It may never be possible to know the extent of uncertainty when dealing with issues about the future. There are at least six sources of uncertainty that limit the ability to understand the range of possible decisions and their potential outcomes:

Decision Models Can Fail if Systems are Complex.

The availability of large and fast personal computers gave numerical methods of futures research and policy analysis great impetus. Models were often used to test proposed decisions. The usual approach was to build a model that duplicated history and run it into the future to make a forecast. In effect, the model was assumed to project the situation if no decision at all were made. In subsequent runs, a decision was simulated.
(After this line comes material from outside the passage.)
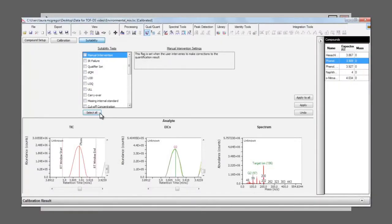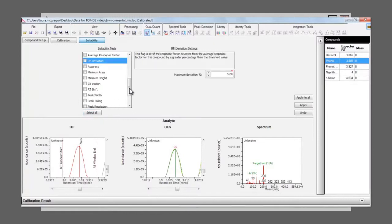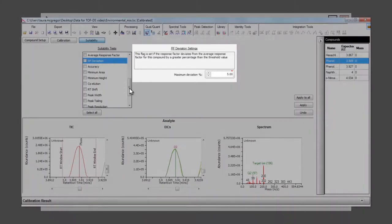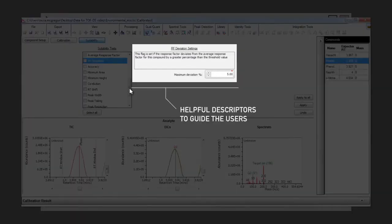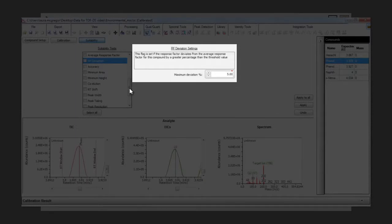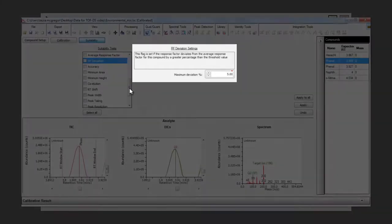If these settings or threshold values aren't met during the quantitation process, the samples or compounds that have failed are flagged up with a red cross, enabling you to see at a glance if there have been any problems. A brief description is shown for each parameter, making it easier to decide on the threshold value that should be used.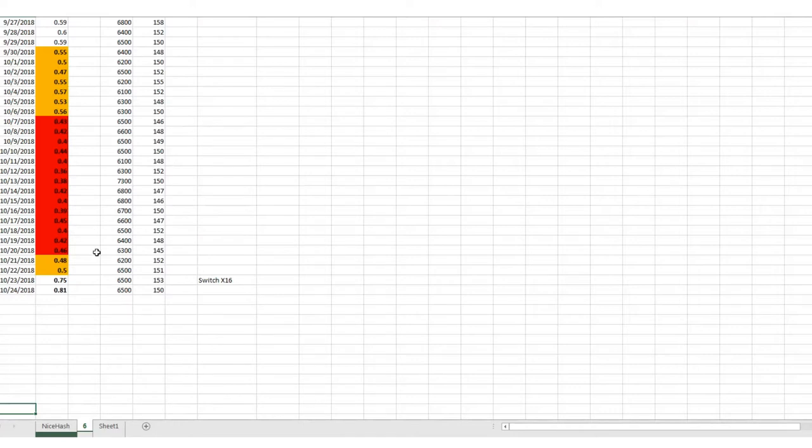So I actually got a low of, let's see where the low point would be. I think it was like 30, yeah right here. 36 cents per GPU is the lowest that I've seen.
The two runs - one with the decision and one without - to determine whether or not the decision was beneficial.

Some models forecast well some of the time and others never forecast well; but it is very difficult to tell, a priori, which models are going to work and which are not. Why? Macroeconomic models used by governments to "manage" economies have a low predictability that are based on assumptions of "general equlibrium". When the model closely resembles the system because both are linear or change is slow, for example, in population forecasting or in estimating the trajectory of a spacecraft on a course from earth to the moon, models are accurate. But when change is rapid, when inertia is low, when surprises are possible, when the time horizon is distant, the models will fail regardless of the number of equations, the mass of data, or the size and speed of the computer. Accuracy may not improve with increasing computing power, or collecting more precise data.
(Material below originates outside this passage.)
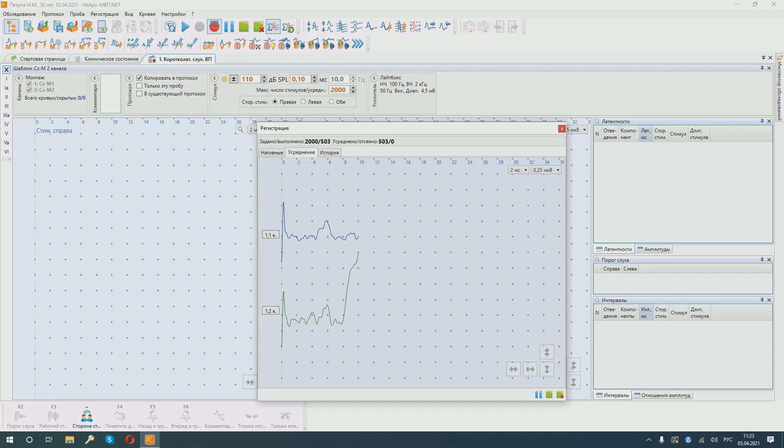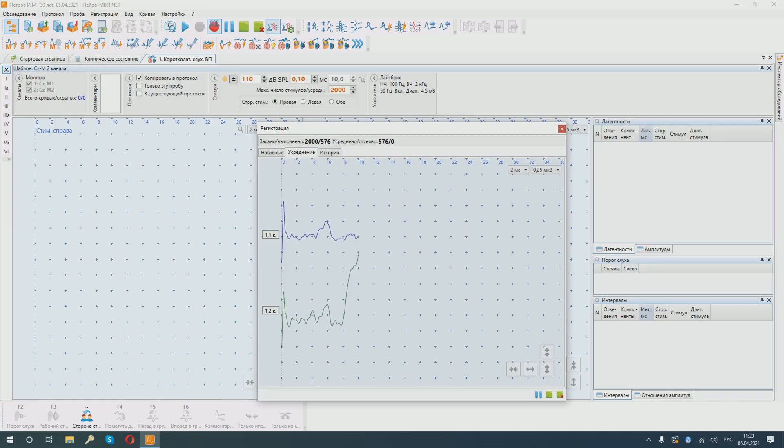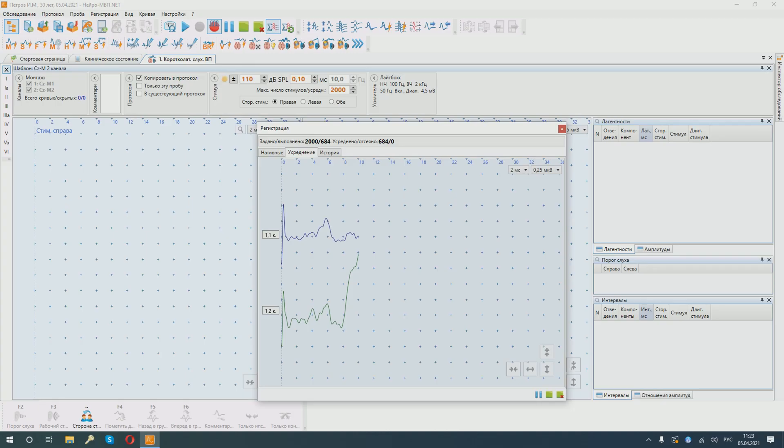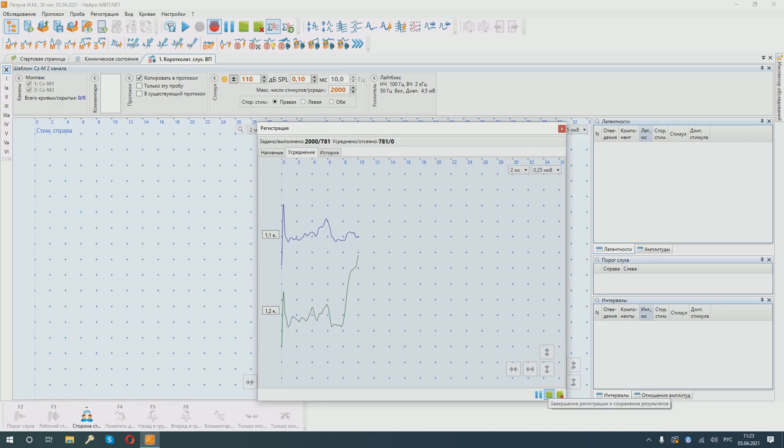We can see the major peaks forming, but in order for us to be sure that this is indeed an electrophysiological response, we will have to run the stimulation cycle two times to make sure that the curves are reproducible. We can see that in general, the main peaks are quite stable. In case we are satisfied with the quality of the response we get, we can terminate the registration early and save the results.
In a linear world, forecasting would be precise if only there were enough sufficiently accurate data, and a computer big enough to organize and manipulate it. In such a case, historical relationships among the factors driving change could be deduced. A central theory could be formed, inferred from the data if nothing else, creating the body of information and models of the gear-cogs of change, from which forecasts could be produced.
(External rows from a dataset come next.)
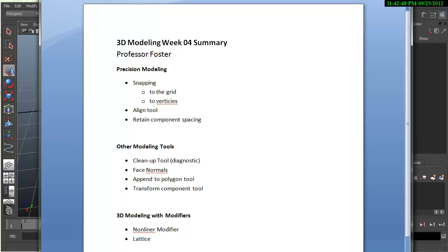Hi. This is going to be a summary of some of the tools and techniques that we went over today in class.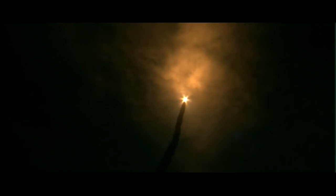There's a view from the external tank camera. Discovery, Houston, go at throttle up.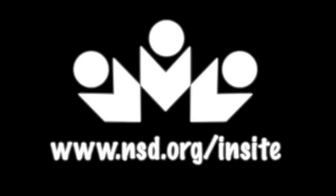For more insights, please visit www.nst.org slash insight.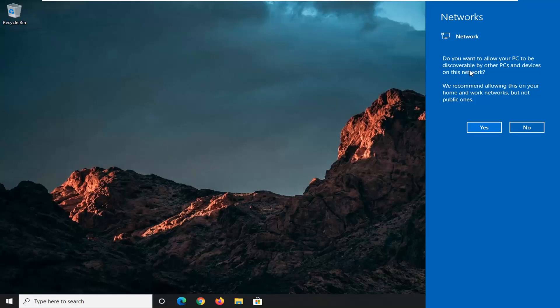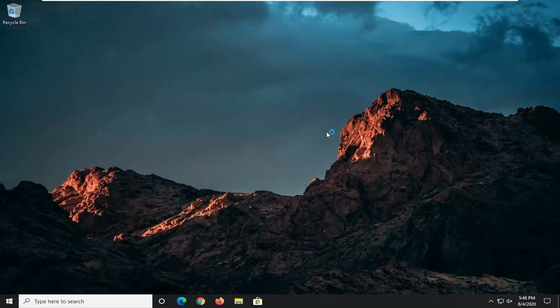Okay, there you go guys — you might get a little network notification pop-up asking if you want to connect to other computers or be discoverable. These should be very similar options to what you saw when you first set up your Wi-Fi initially. Pretty straightforward process guys, I do hope that I was able to help you out, and I look forward to catching you all in the next tutorial. Goodbye!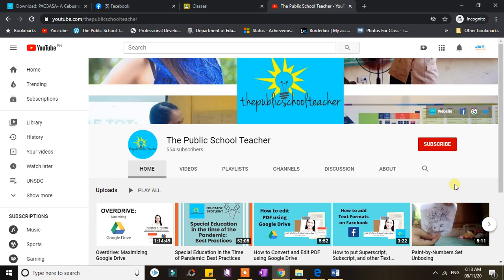But before I continue, please don't forget to subscribe to my YouTube channel by clicking the red button here to be updated with the latest from the Public School Teacher. Now let's start.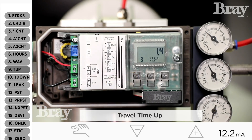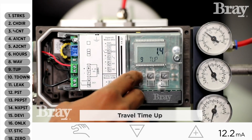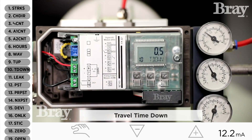Variable nine is time up, which is the time it takes for the valve to open. Right now you're seeing it's taking 1.4 seconds to open the valve. Variable ten, T down, is the time it takes to close the valve, and we're seeing it as 0.5 seconds.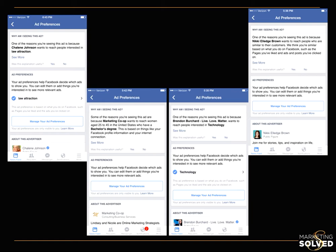Marketing Co-op wanted to reach women age 25 to 45 in the United States who have a bachelor's degree — I fall into that category. They were doing it a little differently, not just targeting a page, which is a great example of targeting based on demographics. And Nikki Elledge Brown wants to reach people who are similar to their customers based on what you do on Facebook — that could be a lookalike audience. So these are four different examples of targeting that set you apart from the competition.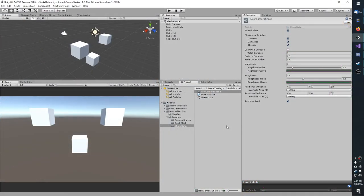Shake Datas are the heart of using your camera shaker. They control how the shakes behave. While you can manipulate shakes at runtime, they still use the shake data as a template or preset.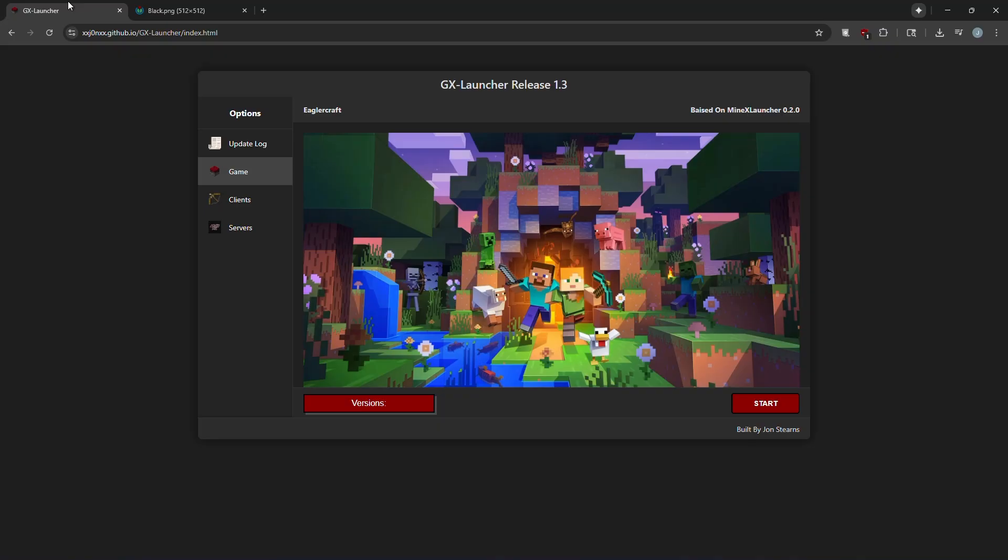Hello everybody, it's Jon or Xenotech here, and today I'm going to be showing you the best Eaglercraft launcher as of right now, the GX Launcher.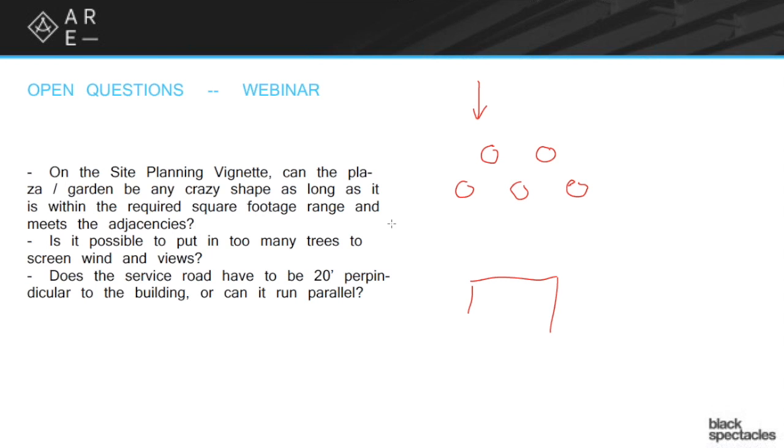And then does the service road have to be 20 feet perpendicular to the building or can it run parallel? You know, I'm not actually 100% sure about this one. I do know that the best scenario is that it's perpendicular. But my guess is that it can also be parallel.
When systems are non-linear, however, the situation changes, and models may produce misleading forecasts. The level of complexity is a system attribute: at the simple end of the scale are linear Newtonian systems; that is, systems in which output is proportional to input. At the other end of the complexity scale is randomness: the snow on the face of a TV tube when the transmitting station is off the air. Random systems are, like an honest roulette wheel, unpredictable.

Most systems lie between the linear and the random extremes. Before the advent of large computers, a non-linear model of even a simple system like a teeter totter took a lot of time to solve, so it was much more efficient to make simplifying assumptions. When computing power grew, it became much more feasible to include the more complex non-linear aspects of the system under study. Where the models produce orderly results when linear assumptions were made, when non-linear factors are included, these models can produce unpredictable and random appearing forecasts: chaotic behavior.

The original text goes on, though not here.